C’è decisamente attesa per il Consiglio dei Ministri del 29 agosto prossimo. Perché per una volta, nel nuovo governo Renzi, sembra che la “rivoluzione” della scuola, come molta stampa generalista stamani l’ha nominata, passi sia per una sistemazione della classe insegnanti, ma soprattutto per la formazione degli studenti. L’eliminazione delle supplenze «che fanno male sia a chi le fa, sia a chi è al banco», come ha detto la Ministro Stefania Giannini, è forse il grande nodo che andrà sciolto, ma tra le fila della nuova scuola ci saranno anche una serie di aggiornamenti su temi caldi del passato. 
Non sono previste demolizioni delle riforme Moratti e Gelmini, ma quello che probabilmente verrà reintrodotto, all’atto pratico, sono un paio di ore di storia dell’arte nei primi anni dei licei e anche negli istituti turistici, e la visione di un modello “duale” come quello portato avanti da Germania e Francia, nel senso che la scuola per certi versi è il primo passo verso il lavoro, e sussiste quindi una sorte “aziendalizzazione” degli istituti. Qualcuno ha già gridato allo scandalo – in questo caso c’è l’idea della privatizzazione della scuola pubblica, la sua svendita a una “holding” qualsiasi che possa plasmarla per il suo capitale – ma quel che è vero è che molto spesso le aziende non trovano negli studenti italiani una vera forza-lavoro, con conseguente tasso di disoccupazione, mentre altri Paesi europei sono orientati sul tema da dozzine d’anni. 
Più storia dell’arte, insomma, anche per un lavoro di gestione dei Beni Culturali, anche perché la riforma della scuola nasce da un protocollo d’intesa con il Ministero di Franceschini. La scuola, come ben sappiamo, nel nostro Paese ha un forte legame con i musei, e ogni museo ha un dipartimento educazione, ed è necessario insegnare la materia “del gusto e del bello” non solo sui libri, ma anche e soprattutto dentro le istituzioni, fin da bambini. 
Ecco insomma perché Giannini sembra guardare verso la Francia e anche alle sue collaborazioni tra musei nazionali e istituti d’arte, che mandano in stage e tirocini i propri studenti tra le gallerie e le biblioteche, come noi potremmo esattamente fare con i nostri giovani (e come aveva proposto Bray, ripreso da Franceschini) in siti archeologici e musei di ogni genere. 

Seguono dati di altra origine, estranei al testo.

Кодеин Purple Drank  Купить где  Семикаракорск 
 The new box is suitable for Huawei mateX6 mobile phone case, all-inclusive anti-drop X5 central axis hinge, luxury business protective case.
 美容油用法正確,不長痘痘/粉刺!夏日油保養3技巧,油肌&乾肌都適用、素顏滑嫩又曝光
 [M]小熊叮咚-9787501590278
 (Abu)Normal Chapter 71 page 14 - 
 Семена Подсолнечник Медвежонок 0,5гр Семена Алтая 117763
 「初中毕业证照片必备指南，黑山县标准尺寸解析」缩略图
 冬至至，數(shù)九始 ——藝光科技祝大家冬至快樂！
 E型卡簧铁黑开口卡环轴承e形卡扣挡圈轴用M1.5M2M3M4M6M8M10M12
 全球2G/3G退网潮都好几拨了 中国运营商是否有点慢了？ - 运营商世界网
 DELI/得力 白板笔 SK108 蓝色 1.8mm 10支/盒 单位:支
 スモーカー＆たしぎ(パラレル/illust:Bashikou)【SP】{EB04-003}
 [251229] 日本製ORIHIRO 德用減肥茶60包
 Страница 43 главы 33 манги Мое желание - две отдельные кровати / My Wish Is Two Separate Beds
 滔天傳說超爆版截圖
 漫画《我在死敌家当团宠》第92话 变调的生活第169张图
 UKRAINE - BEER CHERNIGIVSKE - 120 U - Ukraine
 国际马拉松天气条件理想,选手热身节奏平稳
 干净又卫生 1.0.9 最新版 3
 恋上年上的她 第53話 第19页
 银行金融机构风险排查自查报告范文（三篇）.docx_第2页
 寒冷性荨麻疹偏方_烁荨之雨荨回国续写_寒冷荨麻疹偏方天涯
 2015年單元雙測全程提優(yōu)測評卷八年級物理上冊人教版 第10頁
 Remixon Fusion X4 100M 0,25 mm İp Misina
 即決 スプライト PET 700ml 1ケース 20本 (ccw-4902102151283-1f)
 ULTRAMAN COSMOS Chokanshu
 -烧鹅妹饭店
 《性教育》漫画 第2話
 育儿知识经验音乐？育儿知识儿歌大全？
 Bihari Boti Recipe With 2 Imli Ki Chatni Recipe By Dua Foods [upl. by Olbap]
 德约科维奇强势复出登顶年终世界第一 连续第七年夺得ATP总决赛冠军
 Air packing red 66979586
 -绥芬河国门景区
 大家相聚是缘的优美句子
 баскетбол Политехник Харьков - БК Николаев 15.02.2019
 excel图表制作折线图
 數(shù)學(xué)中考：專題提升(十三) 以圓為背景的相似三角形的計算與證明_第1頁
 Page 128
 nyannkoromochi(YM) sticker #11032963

Perché, tornando a quello scritto poco sopra, che rapporto c’è tra scuola e lavoro in Italia? Meno dell’8 per cento. Ai giovani si insegna spesso una professione che ancora non esiste, o che spesso è già passata, mentre il presente –anche dei beni da tutelare- è a portata di mano, e forse darebbe parecchie professioni in più, oltre che tutela per il nostro tesoro. Appuntamento a venerdì, per i dettagli. 

1 commento

  1. In verità è stata la Francia a guardare verso l’Italia per la introduzione dello studio della storia dell’arte nelle scuole francesi, come auspicato dal grande André Chastel. Solo che mentre i francesi hanno fatto tesoro dell’esempio italiano, gli italiani hanno preferito, grazie alla Gelmini, rinunciare, decurtare e offendere la storia dell’arte. Questa parziale riabilitazione annunciata dalla Giannini in parte pone una toppa al grande buco messo in campo dalla Gelmini. Ma l’indirizzo in catalogazione dei beni culturali nel liceo artistico comunque non è stato ripristinato. Un vero peccato. Comunque speriamo bene e il piccolo risarcimento delle ore di storia dell’arte nei bienni dei licei comunque è un fatto positivo.